Saved data entries:
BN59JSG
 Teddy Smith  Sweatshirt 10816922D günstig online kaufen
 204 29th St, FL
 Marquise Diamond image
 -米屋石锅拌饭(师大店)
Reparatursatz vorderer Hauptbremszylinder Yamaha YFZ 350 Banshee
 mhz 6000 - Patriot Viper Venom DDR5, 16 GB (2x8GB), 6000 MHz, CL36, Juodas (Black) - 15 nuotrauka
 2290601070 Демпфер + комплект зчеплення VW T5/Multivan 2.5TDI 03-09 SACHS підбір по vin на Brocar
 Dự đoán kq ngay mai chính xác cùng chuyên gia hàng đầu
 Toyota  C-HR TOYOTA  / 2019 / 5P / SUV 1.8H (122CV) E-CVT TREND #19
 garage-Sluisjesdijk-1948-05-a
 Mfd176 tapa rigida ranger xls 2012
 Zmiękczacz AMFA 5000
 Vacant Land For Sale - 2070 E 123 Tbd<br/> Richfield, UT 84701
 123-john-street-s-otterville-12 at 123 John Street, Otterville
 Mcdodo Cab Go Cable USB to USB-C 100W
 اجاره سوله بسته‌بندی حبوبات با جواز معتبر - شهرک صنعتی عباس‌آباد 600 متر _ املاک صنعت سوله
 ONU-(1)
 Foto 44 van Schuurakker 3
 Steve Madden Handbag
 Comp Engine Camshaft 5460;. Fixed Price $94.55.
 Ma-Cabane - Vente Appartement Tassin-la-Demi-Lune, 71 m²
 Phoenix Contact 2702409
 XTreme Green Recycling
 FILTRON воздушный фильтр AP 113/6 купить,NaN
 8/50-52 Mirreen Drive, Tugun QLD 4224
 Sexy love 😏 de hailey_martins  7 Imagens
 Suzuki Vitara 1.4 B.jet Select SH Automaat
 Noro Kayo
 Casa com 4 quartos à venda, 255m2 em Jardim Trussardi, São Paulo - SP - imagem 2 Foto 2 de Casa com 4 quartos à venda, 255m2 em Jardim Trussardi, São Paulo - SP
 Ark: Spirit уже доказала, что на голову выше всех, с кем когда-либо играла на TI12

Exercise instructions — Wherever "Foto" appears in a line of the entries, copy that line.

Solved exercise —
 Foto 44 van Schuurakker 3
 Casa com 4 quartos à venda, 255m2 em Jardim Trussardi, São Paulo - SP - imagem 2 Foto 2 de Casa com 4 quartos à venda, 255m2 em Jardim Trussardi, São Paulo - SP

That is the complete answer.